元気あげます!巴里編
千裕と近所を歩いて、きれいな川のほとりで、ひかるは川の水を手ですくいました。
「冷たい・・・。」
「はぅ・・・。」
「千裕様、どうしたんですか?」
「え、ここならゆったりできると思って来たのに、知り合いがいるというのは落ち着かないと思ってな。
パリの自宅はばあさんがのぞいてそうな気がするし、屋敷は過去の思い出が・・・。
だからさ・・・。」
「それでパリでは保護者に徹していたんですか?」
「保護者に徹する?なんだ・・・?俺が保護者?」
「だって・・・私は保護されてるから、住まいも学校も仕事も用意してもらったところで受け入れられているんでしょ?

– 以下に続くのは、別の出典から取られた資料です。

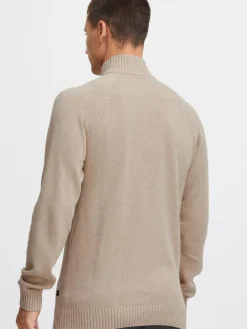 Herren Indicode Pullover & Strickjacken>Herren Stricktroyer - IDTorino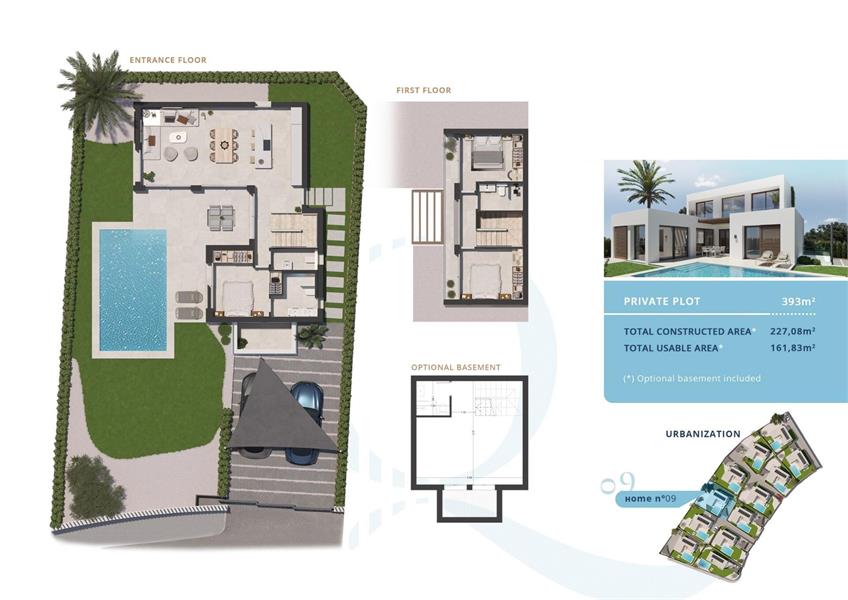 12 Energiezuinige nieuwbouw villa's foto 11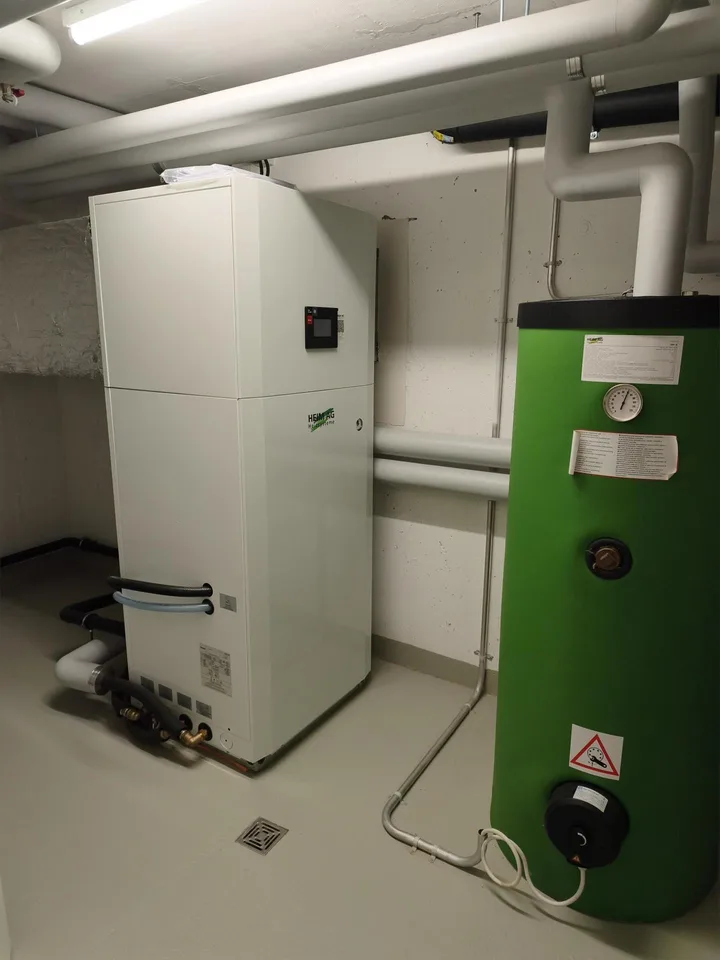 Neuwertiges 6.5-Zimmer-Reiheneckhaus mit Weitsicht in Dicken SG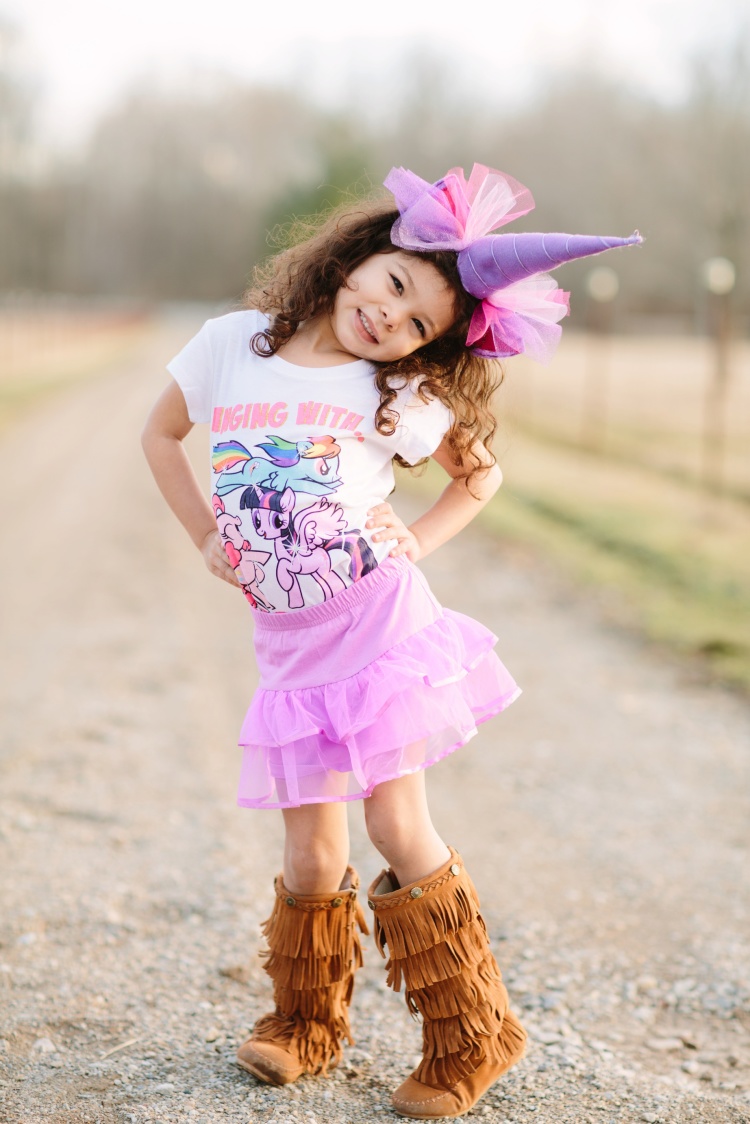 Tire Swing Photography | Horse & Child photography_0031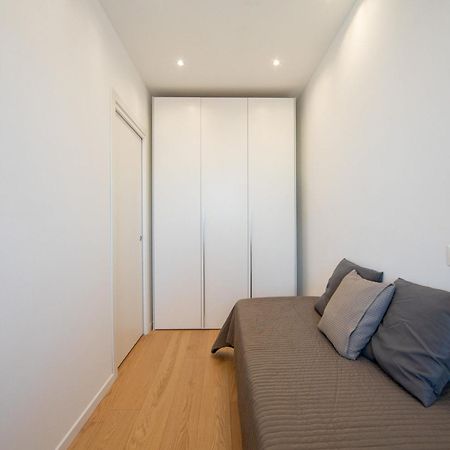 Casa Giorgia Appartement Milaan Buitenkant foto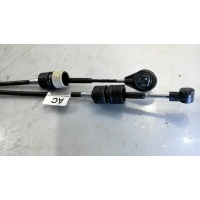 Троса кулисы КПП FORD FIESTA (2008-2011) 2010 1695880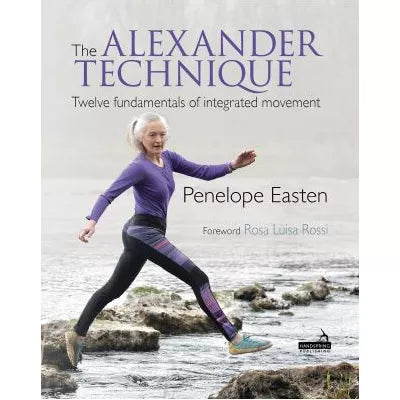 The Alexander Technique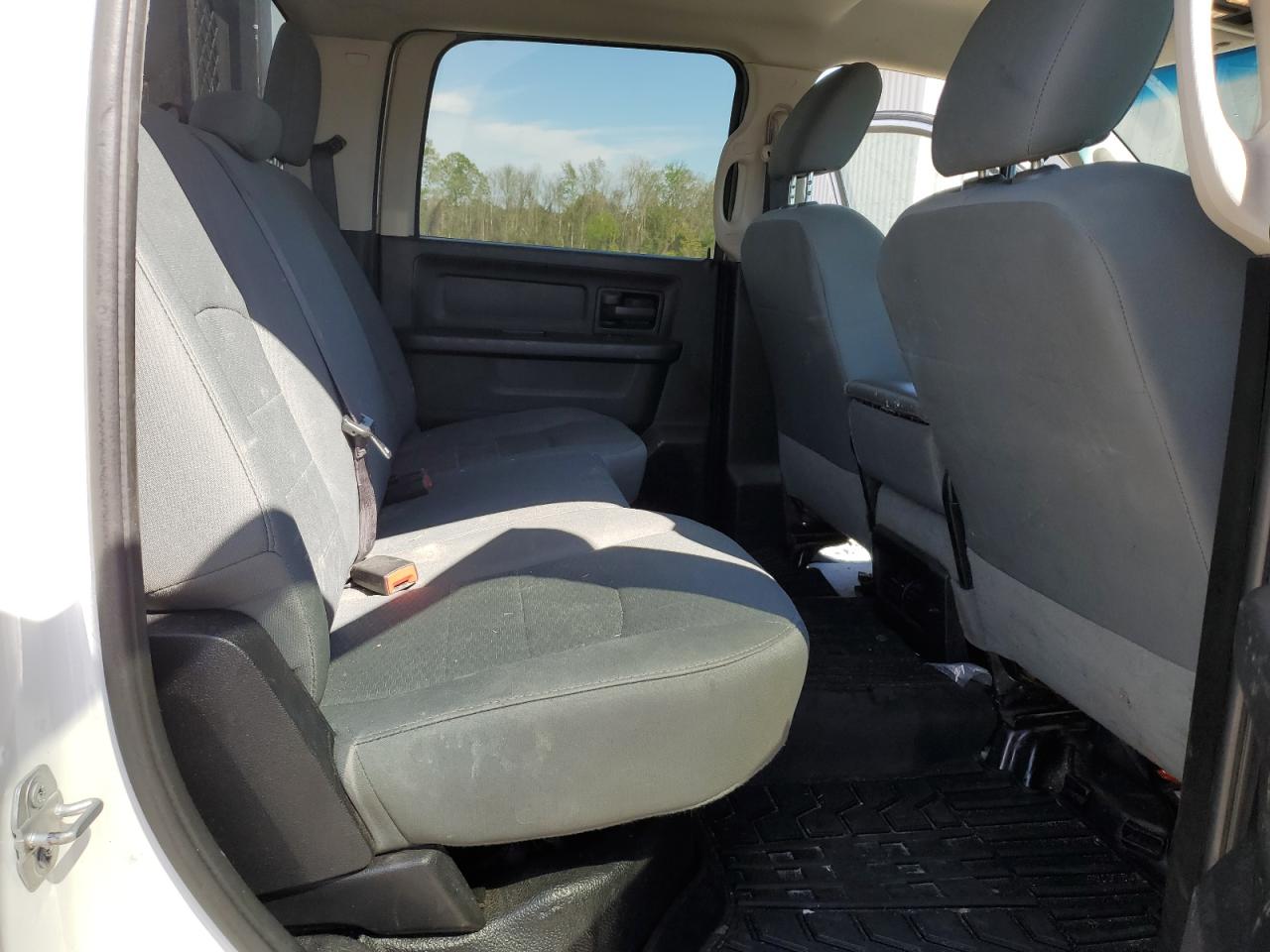 2016 Ram 3500 VIN: 3C7WRTCJ5GG235069 Lot: 50000695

本来なら、自分で必死にバイトしながら、飲まず食わずも覚悟して弟子入りするもんだって・・・。」
「おぃおぃ・・・本職のパティシエになって生きていくつもりなのか?」
「だって、私は自分がやりたいことを千裕様に告げただけしかしてないんだもの。
なのに、上司だってほかのお弟子さんより私は親切にしてもらえたし、明らかにコネありありなんだもん。」
「不満だったのか?」
「不満なんてないですけど・・・。不満なんていえないし、不満いえないくらいいい待遇だから、やめることなんて許されないんだろうなって・・・。
かなりプレッシャーを感じてみたり。」
「そっか。ひかるはいいコだな。
もっともっと、したたかな女になったっていいのに。
とことん三崎を利用してやるぅ!って。」
「私、そんな利用するなんてできないです。
修行したい人は他にもたくさんいるのに・・・。
でも、入ってしまった以上は、がんばって早く卒業しなくちゃって思ってます。」
「そっか。がんばって卒業しなきゃな・・・。
さてっと・・・もうすぐ飯の時間だし、もどろう。
社員の連中とバーベキューらしいけどな、おまえは俺の妹ってことにする?
婚約者と紹介してもいいけど、さっきみたいに岡村相手にでもあの反応だったからな、いろいろ根掘り葉掘りは聞かれるだろうな。」